Python: Functions and Mutable Defaults

April 22, 2017
11 min. read

This post is part of the Python Tips series.

Default arguments in Python allow you to make complex functions very easy to use. They can be called with mostly defaults or called with as much configuration as needed. This comes with a gotcha for those getting started in this. If you use mutable data structures as defaults, things don’t behave exactly as you would expect.

However, before we start, lets cover some things you may not know that I will use in the code. And others that are just interesting and partially related.

Short detour into *args and **kwargs

Once we get done with all the detours, you will see *items as a parameter in the code below. Prefixing an argument with a single * means that you will collect all unnamed parameters into an argument list. If you have single arguments you wish to capture outside of this, they just need to appear prior to the catch all variable. This is most commonly used with the term *args for arguments, which is fine if representing generic or various types of data. However, I prefer to make a clearer name when possible. So here is used *items as we are sending items of a list.

We are not using **kwargs, or the ** style, but this is used to expand key word arguments. So you can think of a dictionary being passed in. Here is a function that takes key word arguments and just prints them up. Notice how we are using .items() which is the same way to get (key, value) pairs out of a dictionary.

def my_function(**kwargs):
    for (key, value) in kwargs.items():
        print('{} - {}'.format(key, value))

We can call this with two arguments and look at the output:

my_function(joe='corny', amy='amazing')
joe - corny
amy - amazing

Lets go a little crazier:

my_function(a=1, b=2, c=3, ddddddd=4, i='am', getting='tired', of='arguments')
a - 1
b - 2
c - 3
ddddddd - 4
i - am
getting - tired
of - arguments

More detour: Forcing named arguments

New with Python 3 is the ability to force named arguments. This means they must be entered with the name. This is easiest to show with a few examples.

def print_label(label_text, inverted, mirrored, flipped):
    """ function for printing label with many boolean args """
    pass

print_label('My Text', False, True, False)

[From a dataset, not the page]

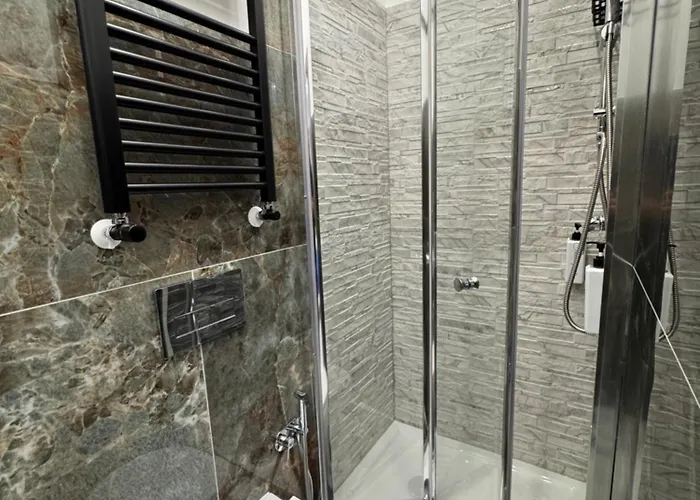 Luxor 2 Jacuzzi And Deluxe Rooms, Piazza Bologna Metro Direct Colosseo, Guest house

While I would define the print_label function with good defaults for the last three arguments, I didn’t want to here as I don’t want you to think that forcing named arguments requires arguments with defaults.

If you saw that print_label call somewhere in code, how easy would it be to figure out what is going on? Sure, you knew at the time you were coding as you just saw the definition or PyCharm popped up hints.

Just reading through source code, it will be impossible to understand. This is bad.

def print_label(label_text, *, inverted, mirrored, flipped):
    """ function for printing label with many boolean args """
    pass

print_label('My Text', False, True, False)  # Errors

print_label('My Text', inverted=False, mirrored=True, flipped=False)

I have added an * argument that indicates a split between the positional arguments and named arguments. If you are using a *args, you get this already. The change in Python 3 is allowing this functionality without allowing unlimited positional arguments, as *args use would allow.

In the first call to print_label above, we would receive a TypeError that tells us print_label() takes 1 positional argument but 4 were given. The second call will work properly.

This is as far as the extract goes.